„Con piacere“, mit Freude, das ist das Motto von Bärbel Reich-Staib, Blockflöten und Querflöte, Ulrich Kernen, Querflöte, und Brigitte Schroth, Cembalo, dem Trio con piacere. Als Gast war noch Reinhart Conzelmann, Violoncello, dabei.

„Mit Freude musizieren und mit Freude zuhören“, das wünschte der Hausherr der evangelischen Kirche Roßwälden, Pfarrer Alfred Kohnke, dem Publikum.

Das Programm reichte von festlicher Barockmusik des zu Lebzeiten auf Augenhöhe mit dem großen Johann Sebastian Bach, dann aber leider in Vergessenheit geratenen Dismas Zelenka, über das romantische „Benedictus“ von Camille Saint.-Saëns bis in die Moderne zu Dmitri Shostakovich, ausgewogen und mit Lebendigkeit dargeboten. Der Einsatz des Cellos verlieh dem Konzert Tiefe und viele zusätzliche Klangfarben.
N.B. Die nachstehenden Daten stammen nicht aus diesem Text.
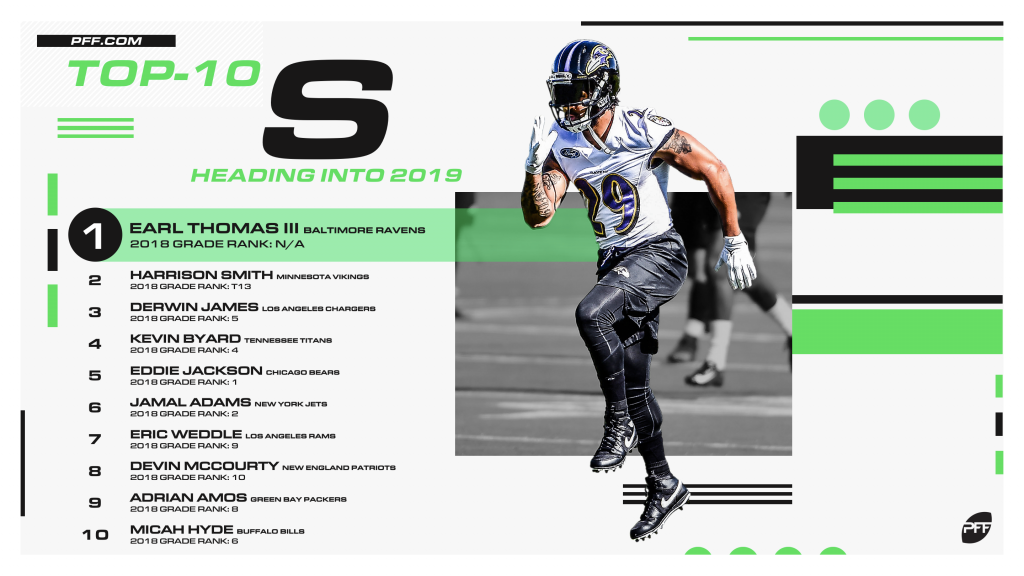 PFF Safety Rankings: Top 32 ahead of the 2023 NFL season, NFL News,  Rankings and Statistics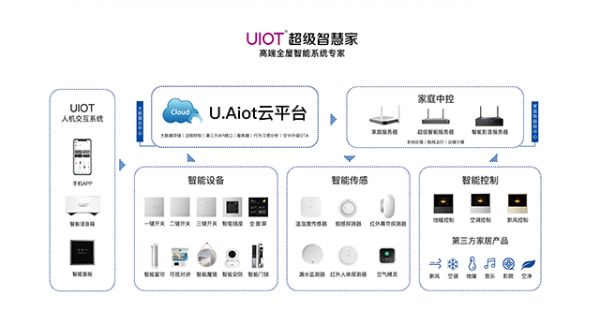 UIOT超级智慧家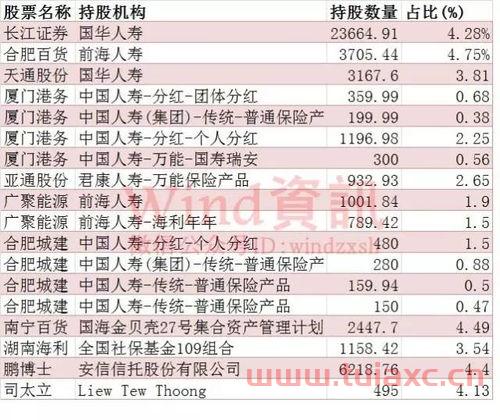 被举牌的股票能涨多少（被举牌后股票走势） 第1张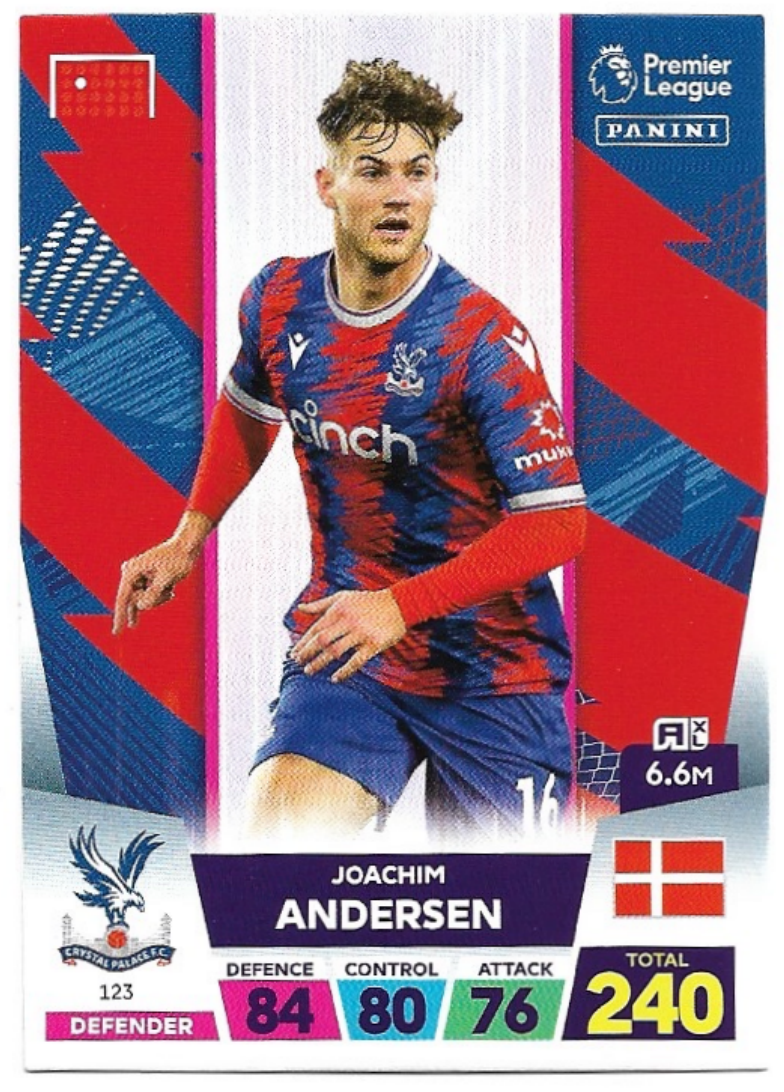 JOACHIM ANDERSEN 2023 Panini Adrenalyn XL Premier League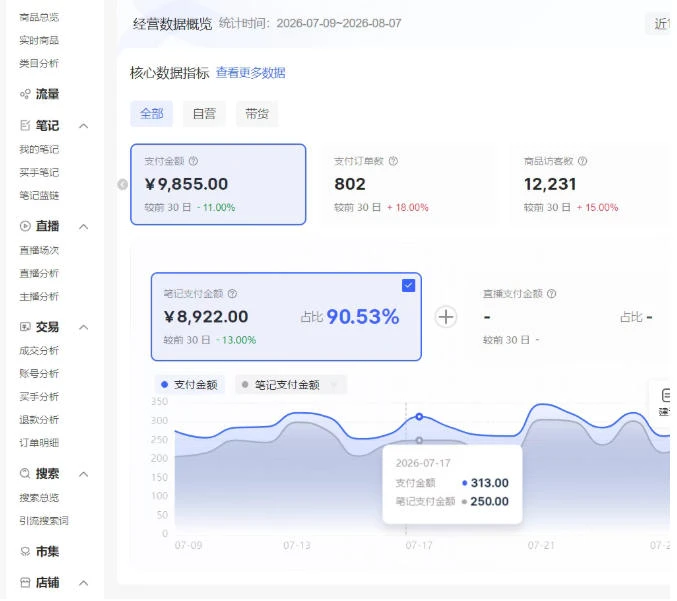 【精】小红书电商矩阵6.0:单店4带1+AI矩阵发笔记+测怼双模式(可工作室放大)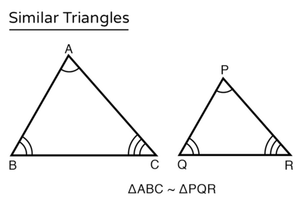 Image Example for similar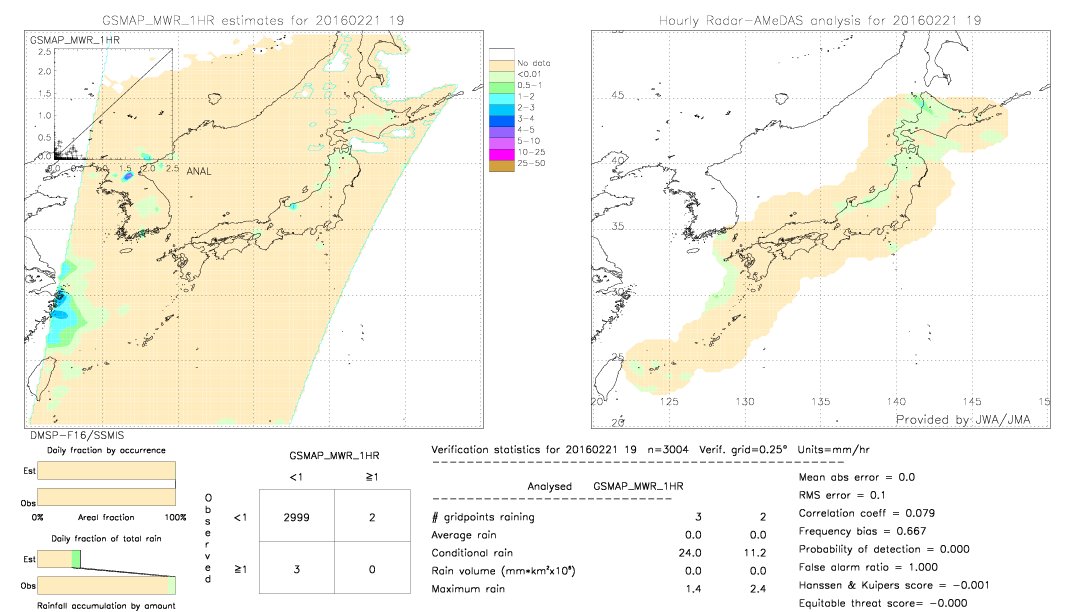 GSMaP MWR validation image.  2016/02/21 19 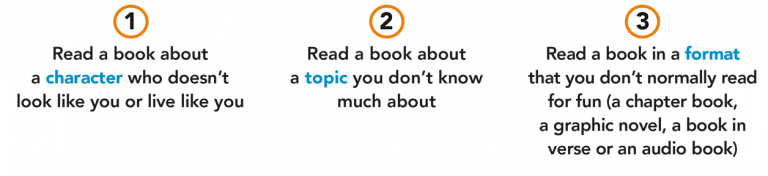 Reading Without Walls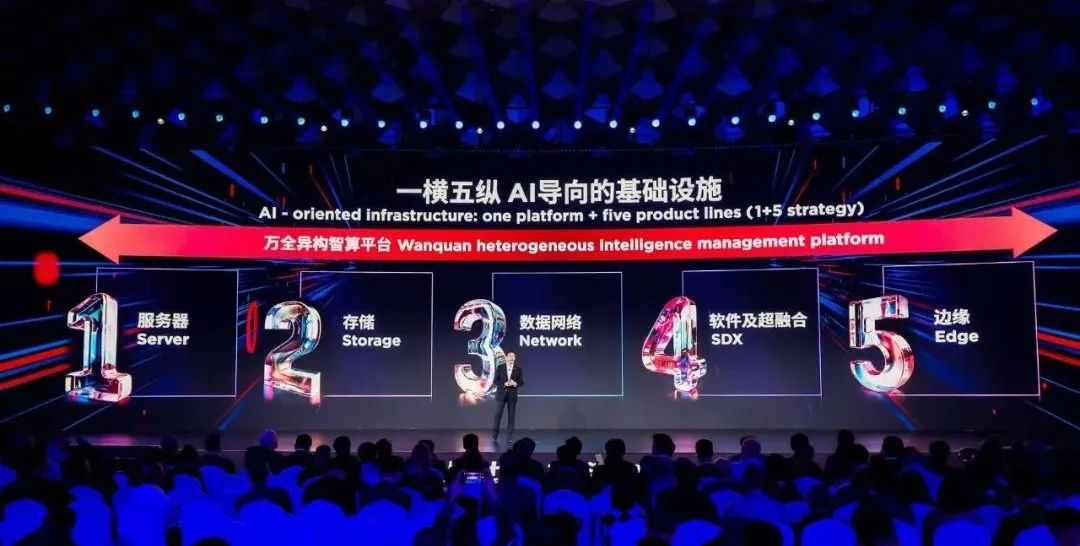 全栈AI！新质生产力的一场集中预演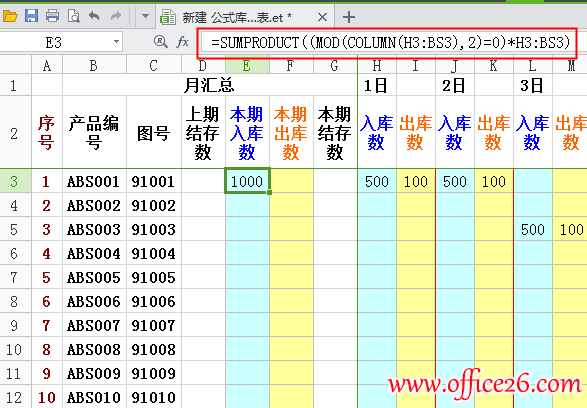 输入入库公式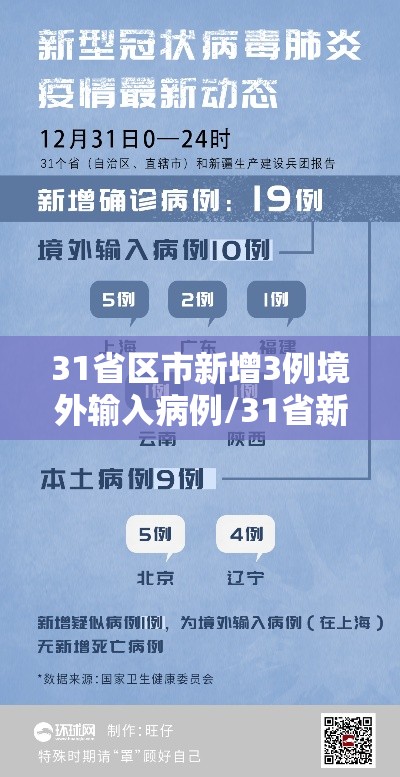 31省区市新增3例境外输入病例/31省新增境外输入4例 31省区市新增3例境外输入病例/31省新增境外输入4例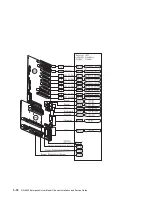 Предварительный просмотр 182 страницы IBM H Series Installation And Service Manual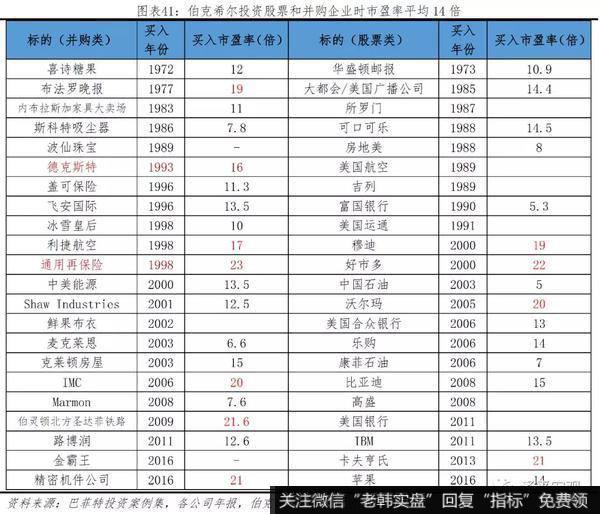 任泽平股市最新相关消息：巴菲特如何将濒临破产的伯克希尔变成世界顶级投资集团？32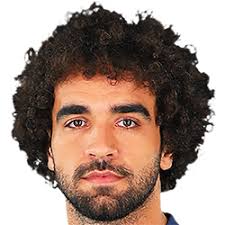 Sadık çiftpınar haberleri ile ilgili geçmişten bugüne. Sadik Ciftpinar Submissions Cut Out Player Faces Megapack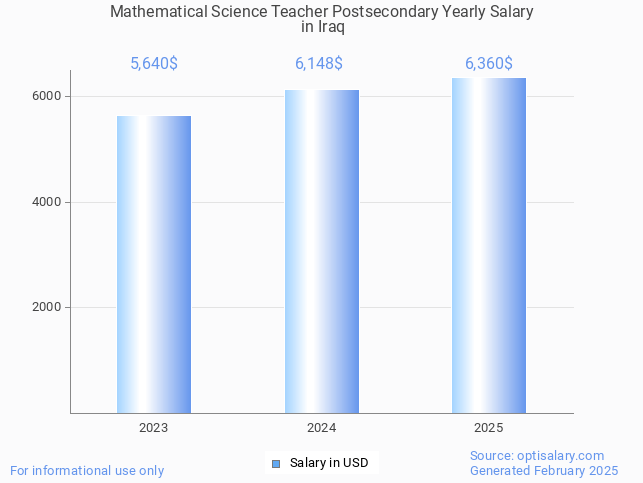 mathematical science teacher postsecondary salary in iraq 2025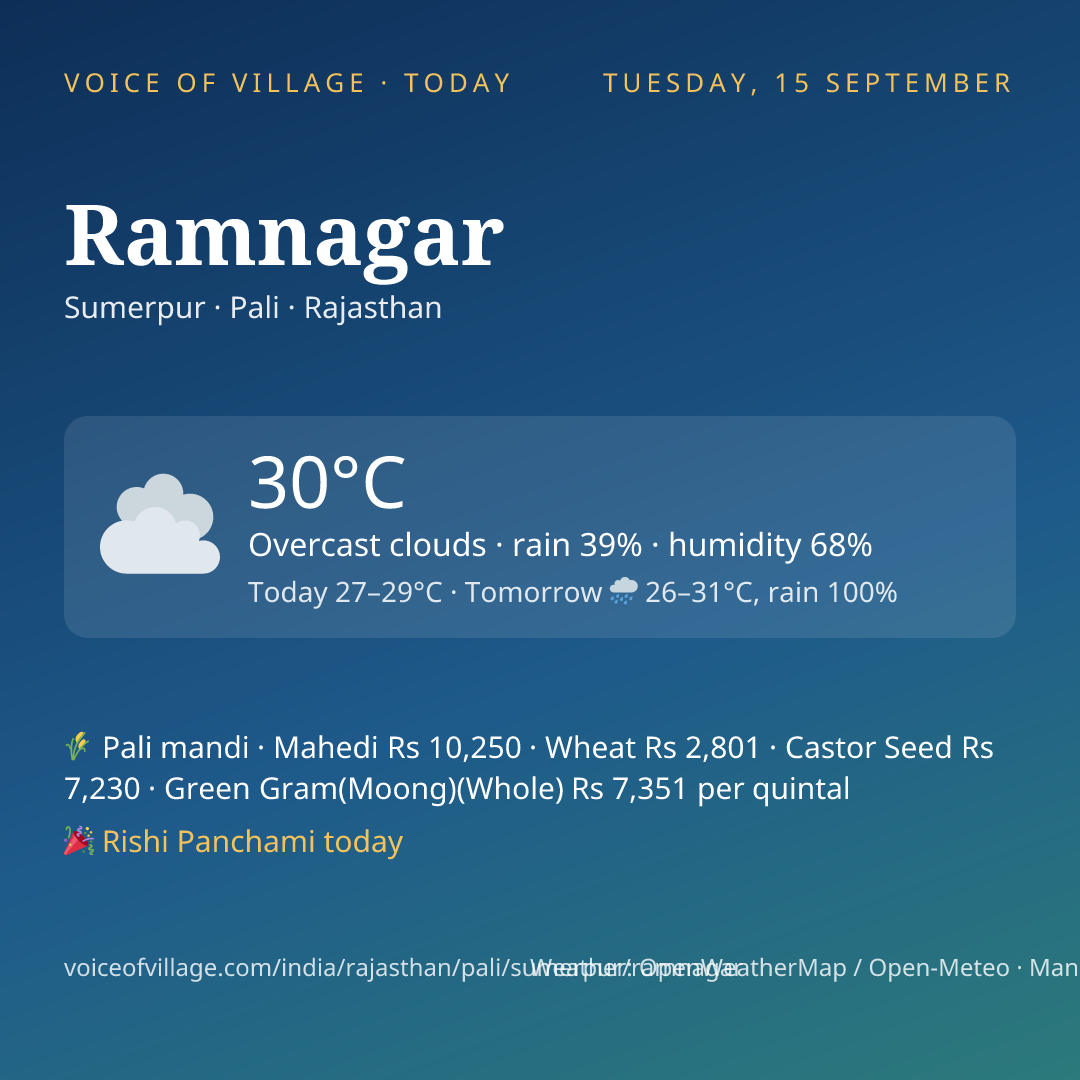 Ramnagar today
Insgesamt zeichnete sich das Trio mit dem Gastcellisten durch elegantes Zusammenspiel, temporeiches Spiel und abwechslungsreiche Dynamik aus. Das Cembalo war immer gegenwärtig, unterstützte die Flöten und das Cello, machte die solistischen Einlagen der anderen Instrumente zu Höhepunkten des Konzerts. Mit fast sphärischen Klängen tat sich Bärbel Reich-Staib auf der Flöte im „Benedictus“ aus dem Weihnachtsoratorium von Camille Saint-Saëns hervor, ein zauberhaftes Klangbild erschaffend im Zusammenspiel mit dem Cembalo. Aber auch bei Georg Philipp Telemanns „Partita Nr. 5 e-moll“ und seiner „Suite a-moll“ erklangen echte Perlen, mit jedem der einzelnen Musikstücke eigenen Charakter, die die Musiker genial ausdrückten, die Tempi rasant nehmend und trotzdem filigran mit klaren Tönen und präziser Tongebung, ein richtiges Highlight des Konzerts! Auch der Gastcellist gab seine musikalische Visitenkarte mit einer feinen Palette von den unterschiedlichsten Klangfarben ab in der „Sonate d-moll“ des Niederländers Willem de Fesch. Immer wieder gelangen feine Kontraste. So gab Ulrich Kernen ein geradezu musikalisches Gewitter auf seiner Flöte im „Konzert d-moll“ von einem der Bach Söhne zum Besten als Gegensatz zum klingenden Cello davor. Auch hier zeigte sich das Cembalo mit überzeugender Begleitung, fein gestalteter Dynamik und immer wieder auch solistischen Einsprengseln des Cembalos.

Das Konzert enthielt die Vielfalt der genannten Epochen und die Musikerinnen und Musiker konnten ihre eigene Begeisterung an dieser Musik dem Publikum vermitteln, das herzlichen Beifall am Schluss und dazwischen spendete. Das Ensemble bedankte sich seinerseits mit einer eigens für es komponierten Musikstück zum Choral "Du meine Seele singe, wohlauf und singe schön".